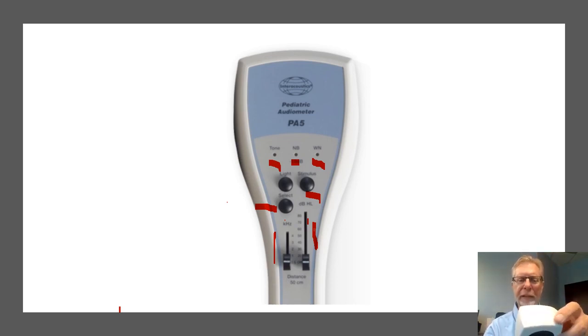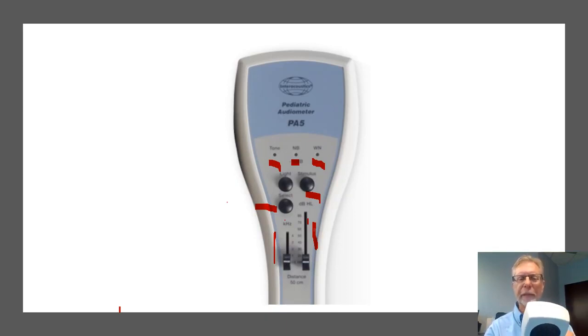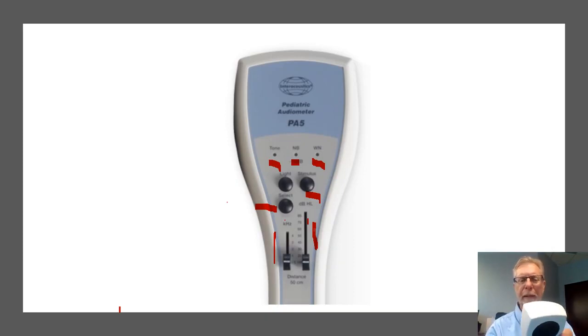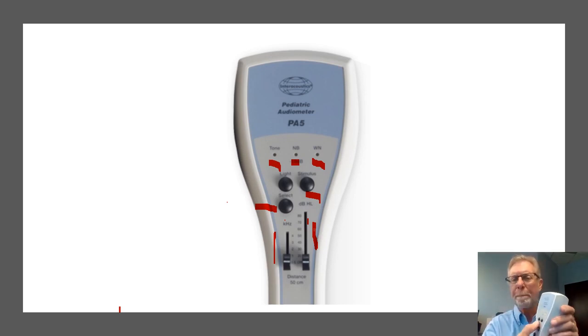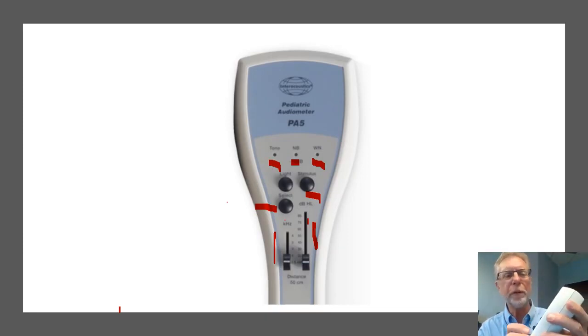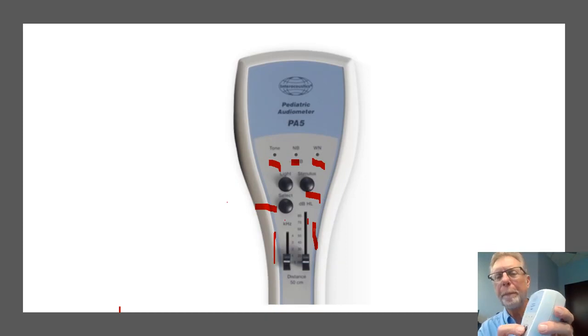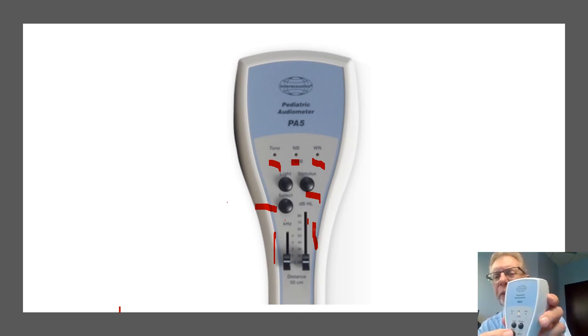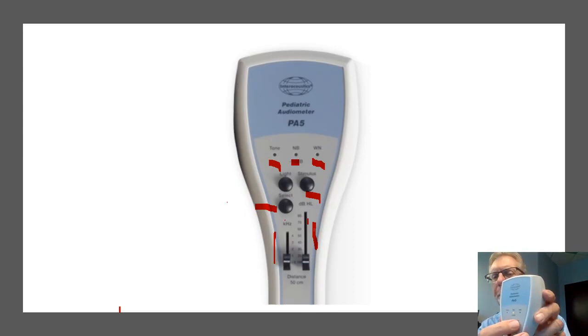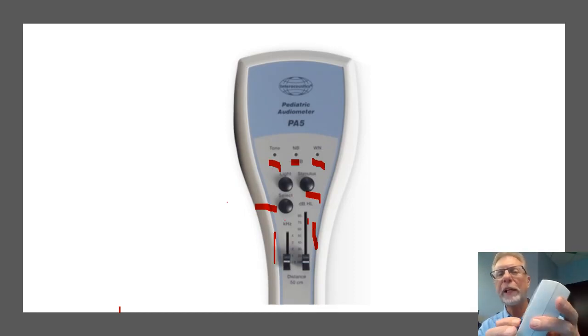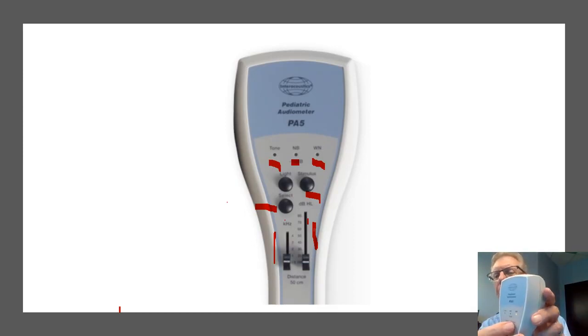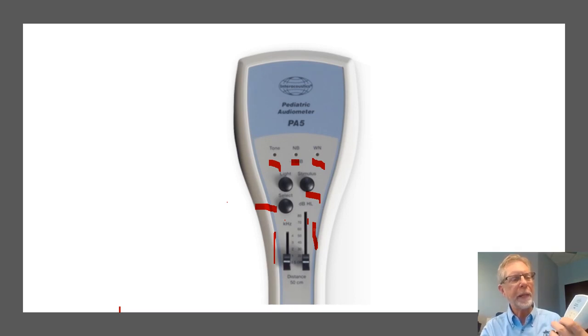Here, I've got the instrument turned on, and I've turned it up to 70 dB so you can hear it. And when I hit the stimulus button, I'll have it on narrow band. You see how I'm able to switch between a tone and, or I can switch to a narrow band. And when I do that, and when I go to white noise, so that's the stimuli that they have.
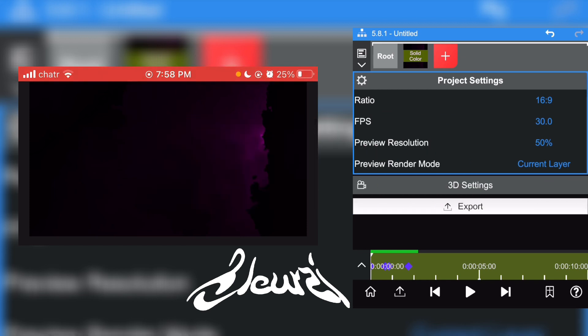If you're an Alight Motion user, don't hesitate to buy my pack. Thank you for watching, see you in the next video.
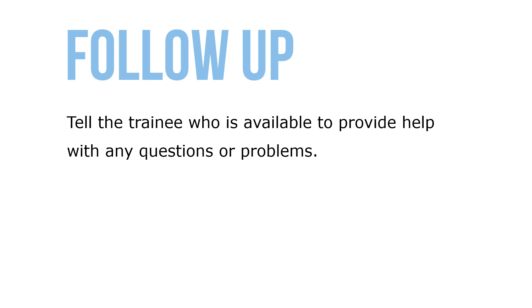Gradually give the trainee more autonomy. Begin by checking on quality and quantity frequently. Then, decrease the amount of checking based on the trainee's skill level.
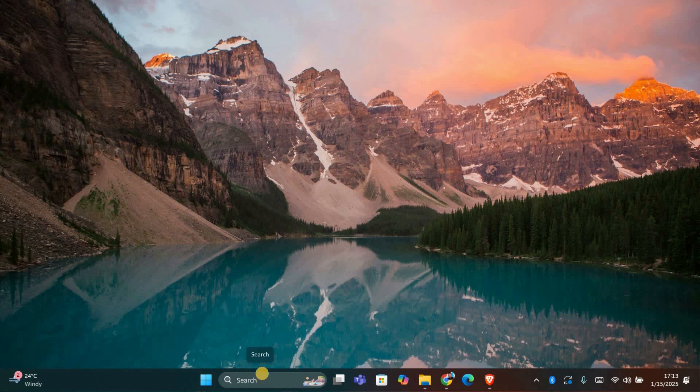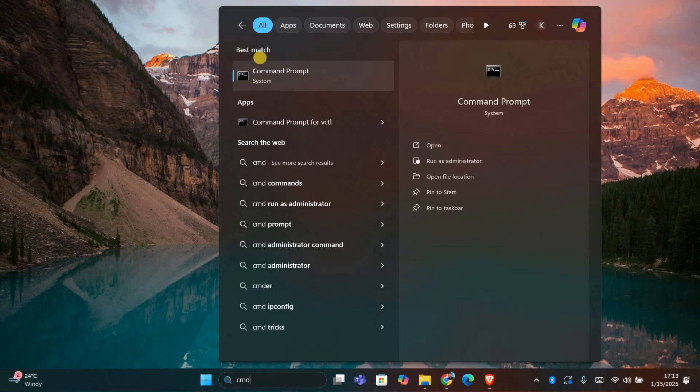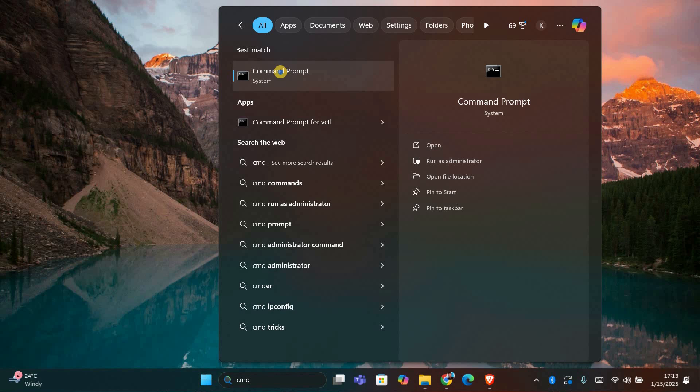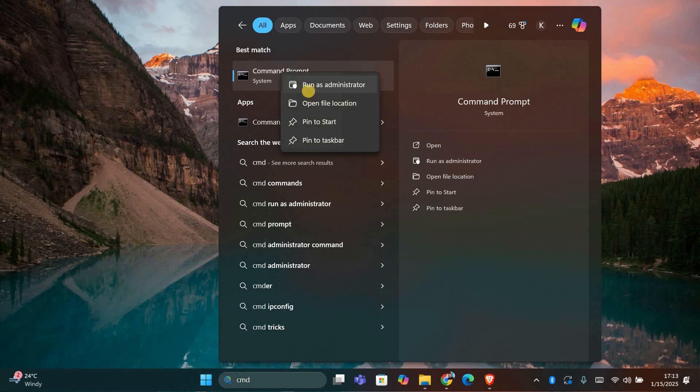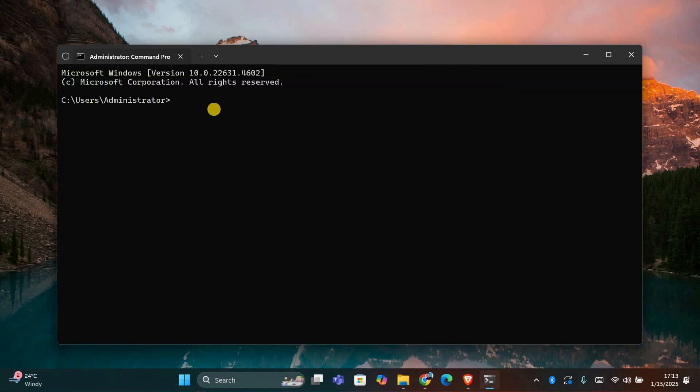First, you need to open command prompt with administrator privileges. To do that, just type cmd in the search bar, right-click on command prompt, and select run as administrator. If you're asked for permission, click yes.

* * *

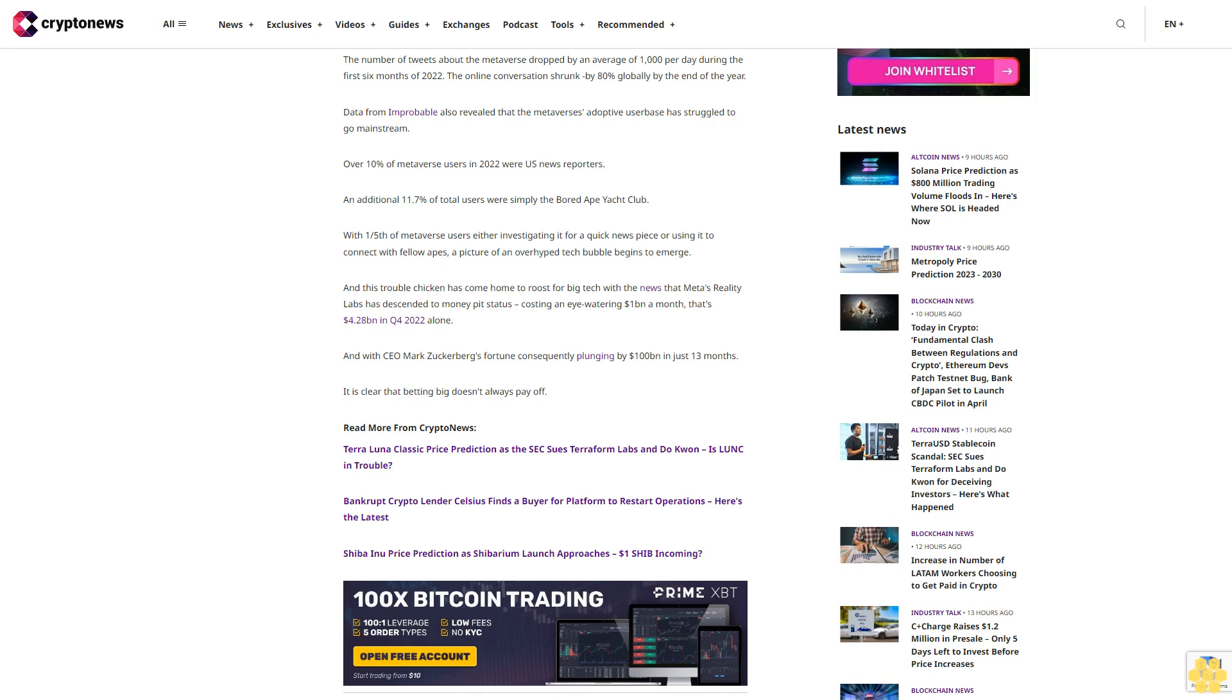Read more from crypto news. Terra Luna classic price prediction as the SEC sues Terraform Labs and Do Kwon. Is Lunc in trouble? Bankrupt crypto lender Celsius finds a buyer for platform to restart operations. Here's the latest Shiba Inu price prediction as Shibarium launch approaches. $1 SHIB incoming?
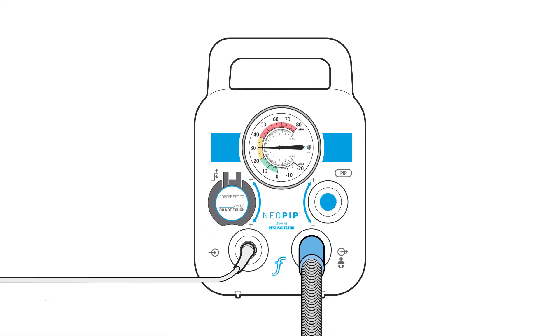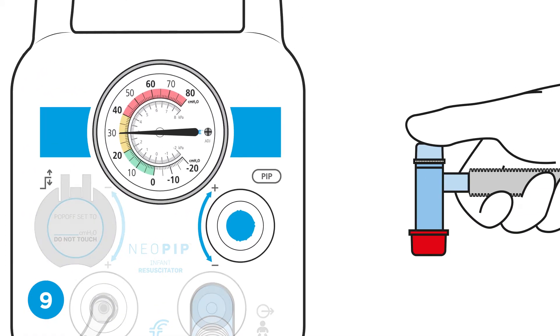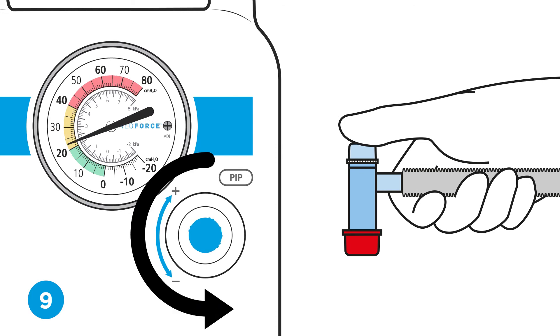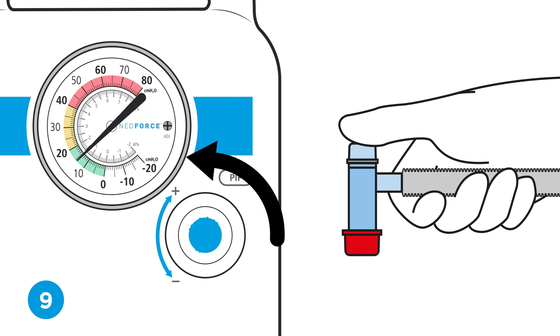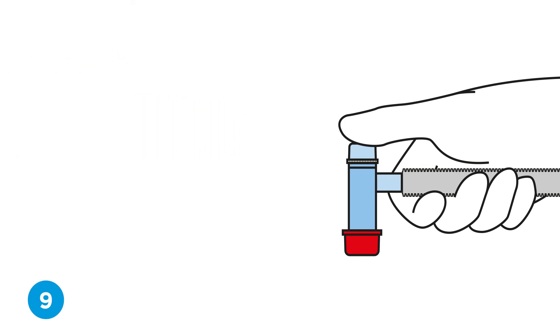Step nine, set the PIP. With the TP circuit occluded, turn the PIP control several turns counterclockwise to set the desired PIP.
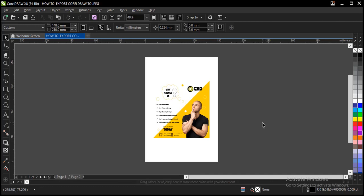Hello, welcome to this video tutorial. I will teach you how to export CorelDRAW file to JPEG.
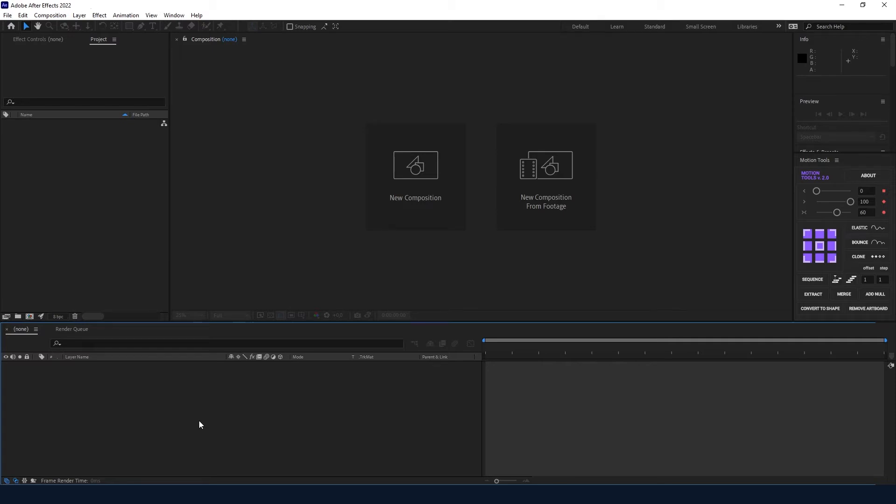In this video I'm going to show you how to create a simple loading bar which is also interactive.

» Task description:
Set down word for word the lines above from the one with "If you're an" up to and including the one with "First, you need". Omit every picture.

» The answer:
If you're an Alight Motion user, don't hesitate to buy my pack. Thank you for watching, see you in the next video.
Gradually give the trainee more autonomy. Begin by checking on quality and quantity frequently. Then, decrease the amount of checking based on the trainee's skill level.
First, you need to open command prompt with administrator privileges. To do that, just type cmd in the search bar, right-click on command prompt, and select run as administrator. If you're asked for permission, click yes.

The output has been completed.